### [AIM OF THE EXERCISE]
Without including any picture, repeat the records below exactly.

(Beginning of DATA RECORDS)

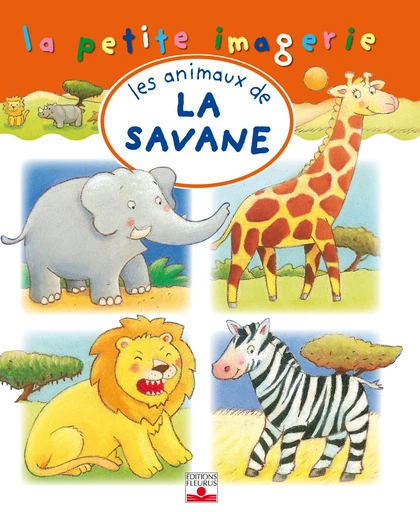 Les animaux de la savane - C Hublet, Émilie Beaumont - Fleurus Ed.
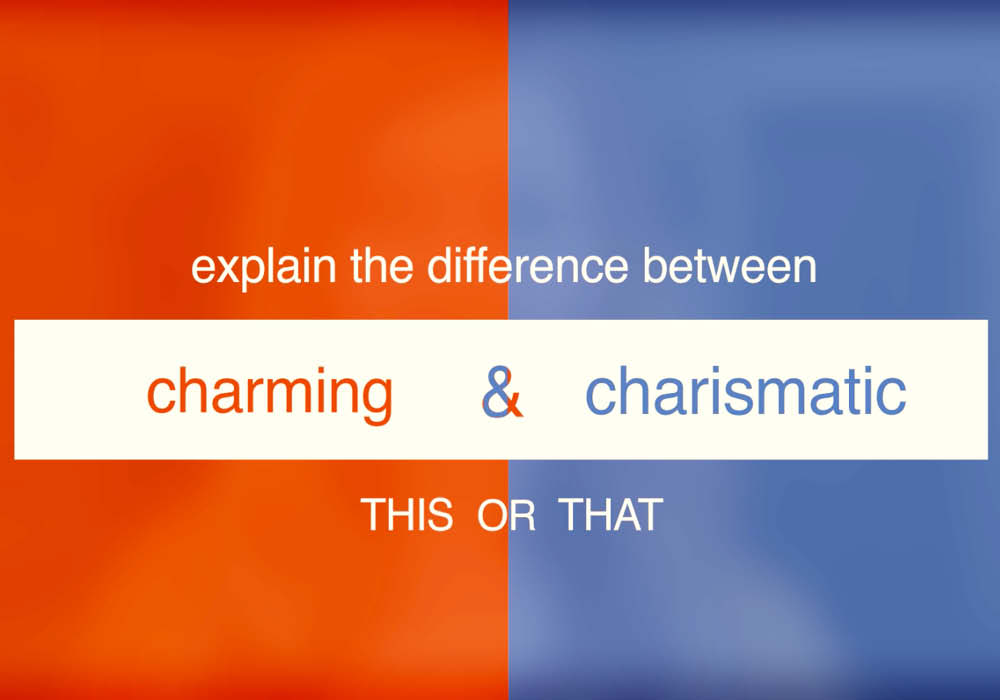 When To Use "Charismatic" Vs. "Charming"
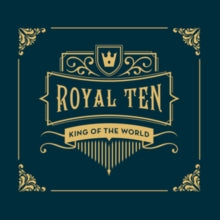 King of the World: Royal Ten - CD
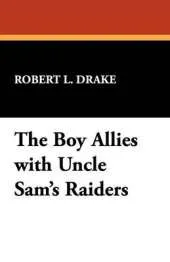 The Boy Allies with Uncle Sam's Raiders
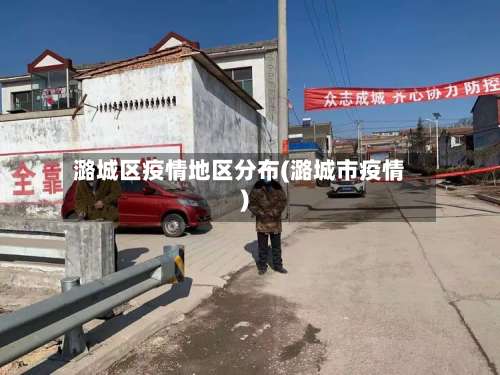 潞城区疫情地区分布(潞城市疫情)-第2张图片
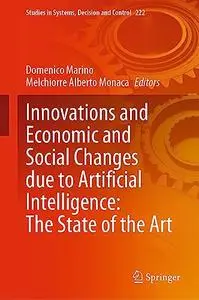 Innovations and Economic and Social Changes due to Artificial Intelligence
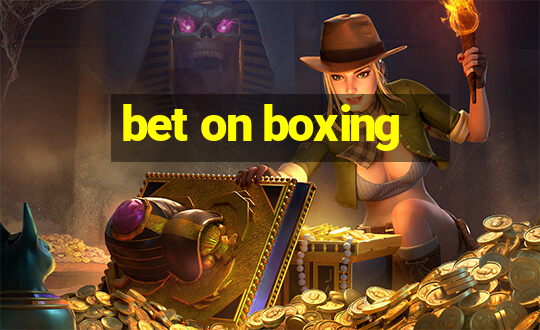 bet on boxing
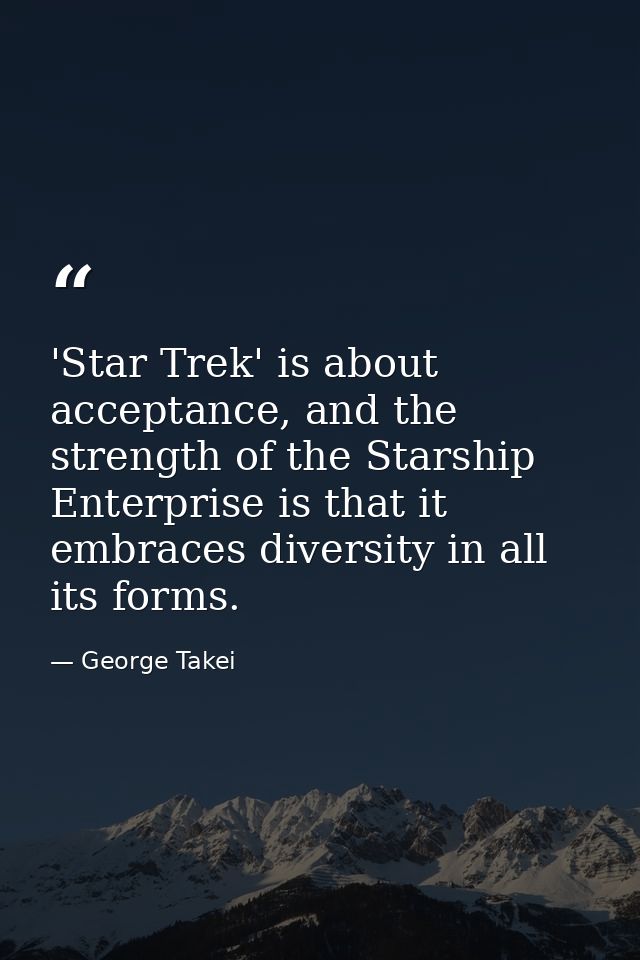 'Star Trek' is about acceptance, and the strength of the Starship Enterprise is that it embraces diversity in all its fo — George Takei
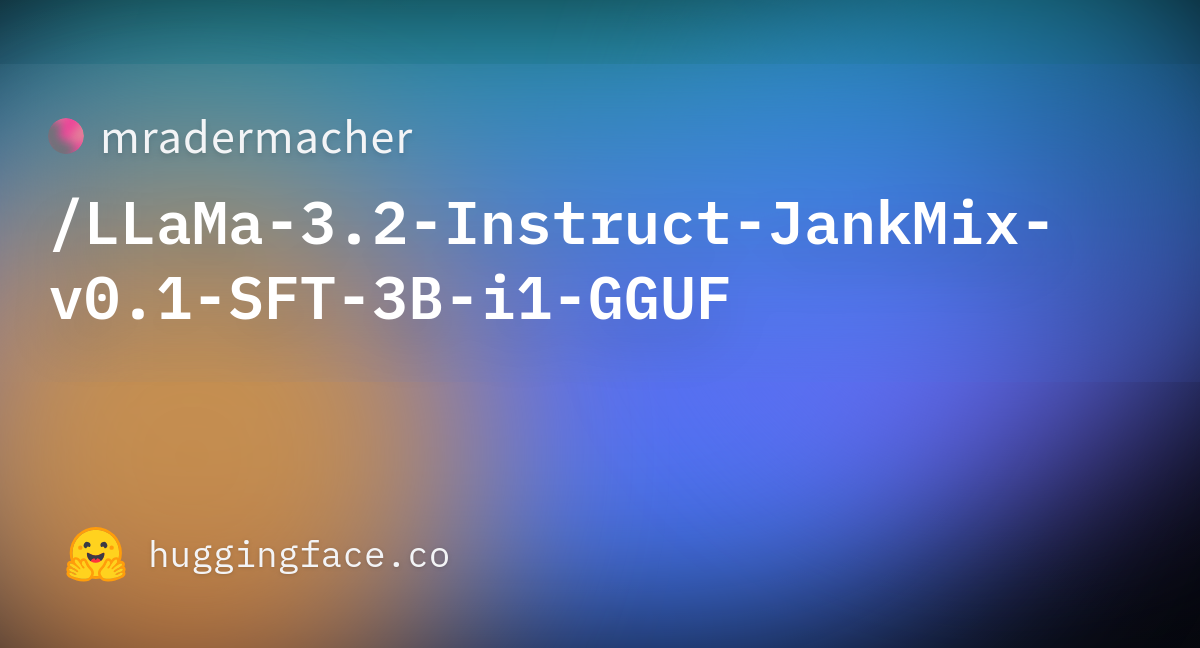 Mradermacher/LLaMa-3.2-Instruct-JankMix-v0.1-SFT-3B-i1-GGUF · Hugging Face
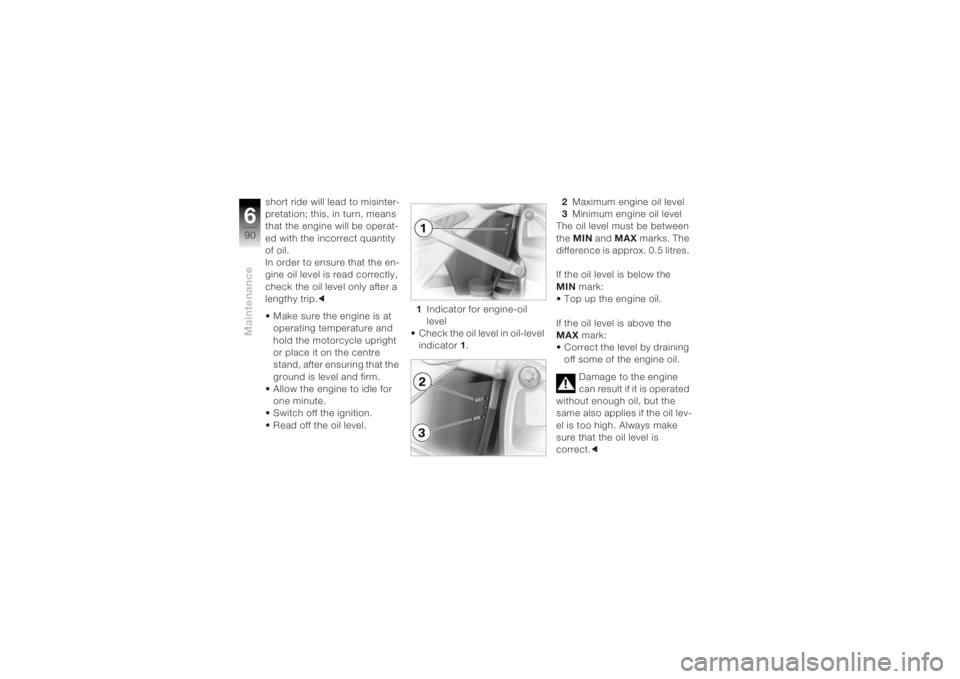 BMW MOTORRAD K 1200 R 2004 Riders Manual (in English) Maintenance690
short ride will lead to misinter-
pretation; this, in turn, means
that the engine will be operat-
ed with the incorrect quantity
of oil.
In order to ensure that the en-
gine oil level BMW MOTORRAD K 1200 R 2004 Riders Manual (in English) Maintenance690
short ride will lead to misinter-
pretation; this, in turn, means
that the engine will be operat-
ed with the incorrect quantity
of oil.
In order to ensure that the en-
gine oil level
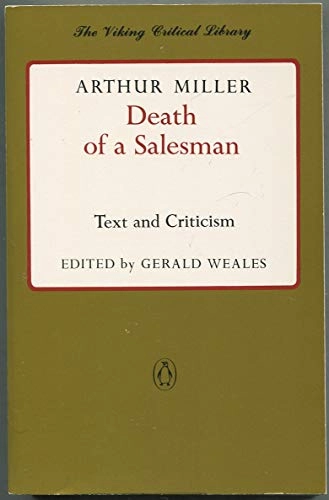 Death of a salesman : text and criticism; Arthur Miller; 1977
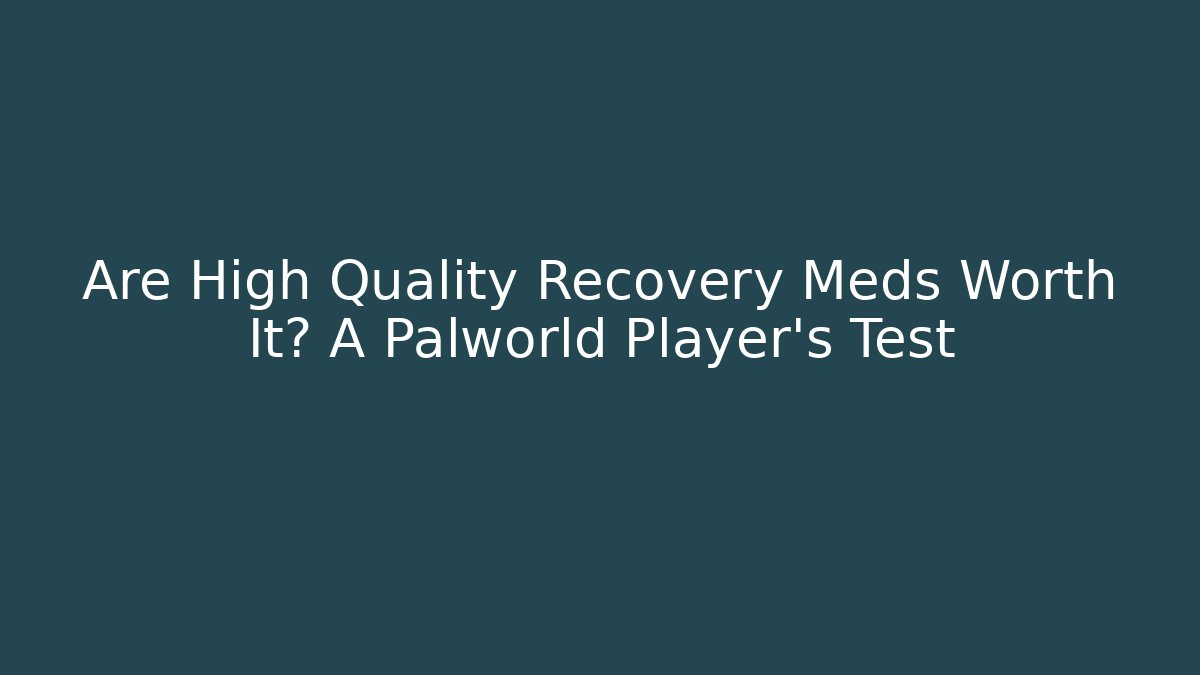 Are High Quality Recovery Meds Worth It? A Palworld Player's Test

(End of DATA RECORDS)

### [RESPONSE AREA]
 Les animaux de la savane - C Hublet, Émilie Beaumont - Fleurus Ed.
 When To Use "Charismatic" Vs. "Charming"
 King of the World: Royal Ten - CD
 The Boy Allies with Uncle Sam's Raiders
 潞城区疫情地区分布(潞城市疫情)-第2张图片
 Innovations and Economic and Social Changes due to Artificial Intelligence
 bet on boxing
 'Star Trek' is about acceptance, and the strength of the Starship Enterprise is that it embraces diversity in all its fo — George Takei
 Mradermacher/LLaMa-3.2-Instruct-JankMix-v0.1-SFT-3B-i1-GGUF · Hugging Face
 BMW MOTORRAD K 1200 R 2004 Riders Manual (in English) Maintenance690
short ride will lead to misinter-
pretation; this, in turn, means
that the engine will be operat-
ed with the incorrect quantity
of oil.
In order to ensure that the en-
gine oil level BMW MOTORRAD K 1200 R 2004 Riders Manual (in English) Maintenance690
short ride will lead to misinter-
pretation; this, in turn, means
that the engine will be operat-
ed with the incorrect quantity
of oil.
In order to ensure that the en-
gine oil level
 Death of a salesman : text and criticism; Arthur Miller; 1977
 Are High Quality Recovery Meds Worth It? A Palworld Player's Test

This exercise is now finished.